If you still have questions as to whether or not you might ever consistently outperform the market, MoneyShow's Howard R. Gold has compiled some research results that, he feels, will give you some answers.

Year after year, decade after decade, evidence has piled up that neither individual nor professional investors can outperform broad market indexes consistently over long periods of time.

Studies of fund managers, active traders, and other institutional investors have failed to find persistent outperformance that wasn't caused by either luck or being in the right part of the market at the right time.

Eugene Fama of the University of Chicago, who won a Nobel Prize in economics last week, pioneered the efficient market theory that said stock prices incorporated all relevant information available to investors.

I always thought that theory went too far—individual stocks and whole asset classes can remain mispriced for years, as Fama's fellow Nobel winner, Robert Shiller of Yale University, has shown.

But over the very long run, Fama was right: Almost no one, who is operating honestly, can maintain a persistent information edge over the millions of other smart investors who comprise the market.

Some research I've recently come upon clinches it: Fewer than 1% of mutual fund managers persistently beat the market, based on superior market-timing or stock-picking skills. That's down dramatically since the mid-1990s, suggesting either a decline in managers' skills, or a great leveling of performance because of technology, high-frequency trading, what have you.

That's the conclusion of a 2010 study by professors Laurent Barras, O. Scaillet, and Russ Wermers, recently featured in a thoughtful, extended piece on this subject by "Julie Segal in Institutional Investor", which I recommend highly.

And it's in line with research by Brad Barber of UC Davis and Terrance Odean of UC Berkeley, who found that only about 1% of active traders outperformed the market. The more frequently people trade, the worse they do, Barber and Odean concluded.

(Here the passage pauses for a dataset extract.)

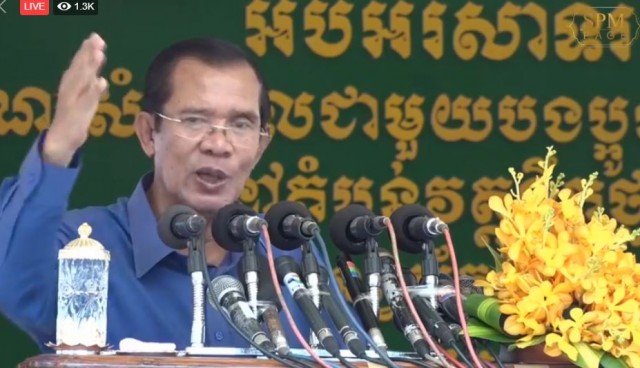 លោក ហ៊ុន សែន បញ្ជា​ឲ្យ​ក្រសួង​ការងារ​យក​ថវិកា​ដោះស្រាយ​បញ្ហា​កម្មករដែល​ត្រូវ​ថៅកែ​រត់ចោល​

It's not just that true stock picking ability is as rare as, say, being a violin virtuoso or throwing a 95-mile-an-hour fastball; it's that the profits from such talent are eaten up by trading costs or management fees.

That means superior fund managers and their firms keep the fruits of their outperformance, leaving investors with a market return at best. And many actively managed mutual funds trail the market, even before you subtract their management fees. So, individual fund investors just can't win.

The study documents that in painful detail. Barras, Scaillet, and Wermers tracked 2,076 actively managed US domestic equity mutual funds between 1976 and 2006. They found that after fees, three-quarters of the funds exhibited zero alpha, a fund's excess return over a benchmark index, and 24% of the funds were run by unskilled managers (who had negative alpha, or value subtraction).

And—are you sitting down? Only 0.6%—you read that right, 0.6%—showed any true skill at beating the market consistently, “statistically indistinguishable from zero,” the three researchers concluded.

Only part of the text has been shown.